Publié le 12 septembre 2008 par Sammy Fisher Jr
La République des livres fait partie de ces quelques blogs de très haute volée, de ceux tenus par un professionnel du sujet sur lequel il s'exprime. Il m'est déjà arrivé de citer ici ou des extraits de billets de Pierre Assouline, mais si je devais le faire à chaque fois que je lis quelque chose que je trouve particulièrement pertinent, je passerai mon temps à faire ça.

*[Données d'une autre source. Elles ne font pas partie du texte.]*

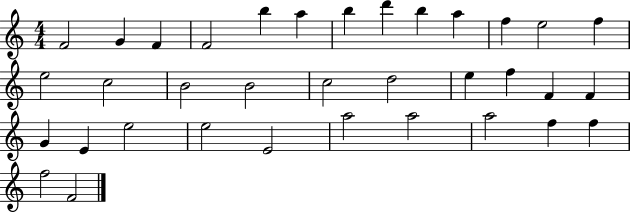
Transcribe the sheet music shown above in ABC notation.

X:1
T:Untitled
M:4/4
L:1/4
K:C
F2 G F F2 b a b d' b a f e2 f e2 c2 B2 B2 c2 d2 e f F F G E e2 e2 E2 a2 a2 a2 f f f2 F2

Hier sortait un livre du même, intitulé Brèves de blog, le nouvel âge de la conversation, qui est un florilège des commentaires publiés après quatre ans d'existence de la "RDL", comme ils disent. A raison d'environ 200 commentaires par article, il a dû passer quelques heures passionnantes pour en sélectionner seulement 600... Au delà du fait que les rares fois où je me suis attardé du côté de ce magma, j'ai trouvé ça plutôt ennuyeux et bien souvent hors-sujet, rasoir, pédant... ce qui m'a intéressé dans le billet où il présente ce livre, c'est une réflexion sur l'anonymat et la perception du message écrit, bien différente de l'oralité :
L’anonymat libère parfois une humeur bridée, parfois des forces sombres. Il dilue la peur. De grands bavards du virtuel se révèlent être muets dans le réel. L’anonymat nous autorise à explorer des pans de notre personnalité comme nous n’aurions jamais osé le faire sous notre propre nom (…) Beaucoup rejettent l’idée de leur lâcheté supposée. Ils récusent le fait que le pseudonyme soit un moyen d’échapper à l’identité puisqu’ils le tiennent pour une autre identité que celle de la vraie vie, une identité numérique reconnaissable seulement sur la Toile. En ce sens, elle ne relèverait donc pas de l’anonymat. Ils sont au fond plus proches des hétéronymes chers à Fernando Pessoa : eux aussi portent un ou plusieurs « autres noms » destinés à révéler différentes facettes de leur personnalité. Il faut les accueillir comme autant de noms de guerre. (…) Le fait est que l’internet désinhibe comme aucun média de masse avant lui. L’usage des faux noms et des fausses adresses y est pour beaucoup. L’interlocuteur n’ayant pas de visage, de regard ni de gestes, il est privé de l’éloquence du corps ; il ne peut être jugé sur son apparence ; le grain de sa voix nous étant inconnu, on ne peut rien tirer de cet écho d’ordinaire si expressif. Tout passe par l’écriture ; encore celle-ci s’avance-t-elle dépourvue de ce qui renseigne tant en elle, la graphie. (…) Le recours au pseudonyme déforme le débat d’idées, que l’absence d’intonation fausse un peu plus. Pas d’identité réelle, pas de voix, pas de corps, pas de visage. Qui me parle et exige ma réponse ? L’homme invisible. Dans ce terrain mouvant, le dérapage est programmé. Alors le pseudonyme a tôt fait de transformer le commentaire en dénonciation, et le message en lettre anonyme décachetée.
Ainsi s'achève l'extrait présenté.